When your team fails
The 2-Minute Tip has recently been discussing ways to build a team culture focused on collective, rather than personal results. We’ve discussed announcing group rewards and recognized personal sacrifices. Today, let’s talk about how to communicate about a team’s failure to achieve a goal.
Good leaders debrief after a project’s completion, but most fail to actually dig into the real reasons why a project may have failed.
We often don’t want to embarrass team members who didn’t contribute what they needed to. We also don’t want to look bad ourselves.
But if you’re honest, this only causes resentment in yourself and the rest of your team.
In our workshops we teach how to use the project debrief as an opportunity to refocus the team on supporting each other.
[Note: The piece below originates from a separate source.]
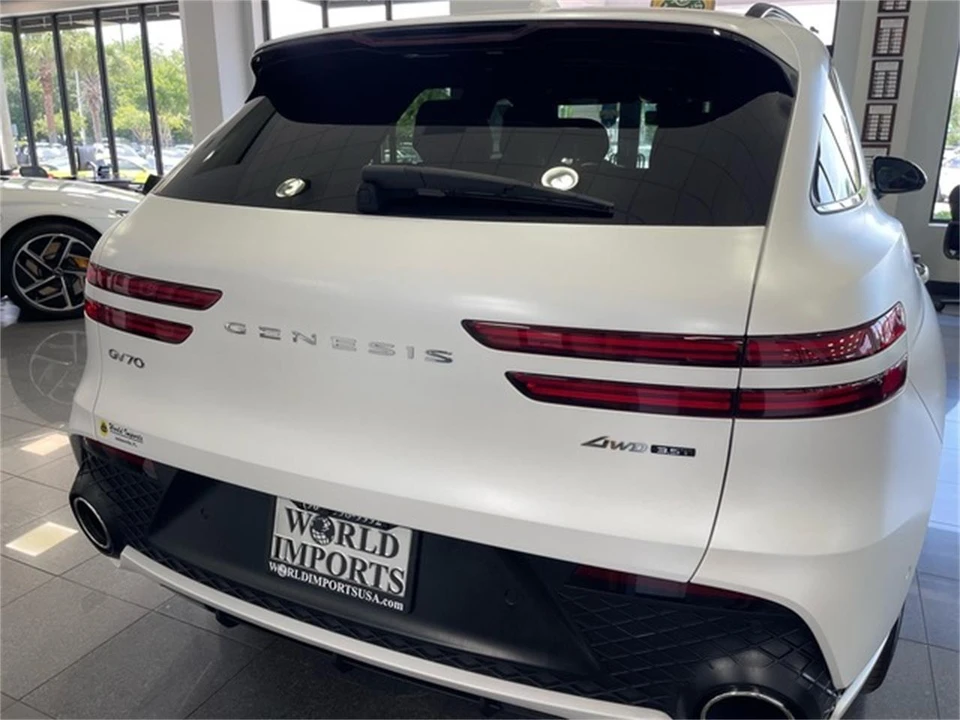 2025 Genesis G70 - Image 18 of 31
We have teams go back to a recent goal they didn’t achieve and conduct a Personal Responsibility Debrief. Each team member should say what they learned and what they would do differently next time to ensure the project meets its goals.
This isn’t an opportunity to point fingers or place blame on others. If done in the spirit of helping the team improve, this will be a time of vulnerability and honest reflection – with the intent of improving, not blaming (including blaming oneself).
And by the way, the leader must take full responsibility for their own actions or inactions. If the leader isn’t honest, why should the team be?
When everyone explains how they can improve, you’re enforcing a culture of personal responsibility…to each other and the collective results of the team.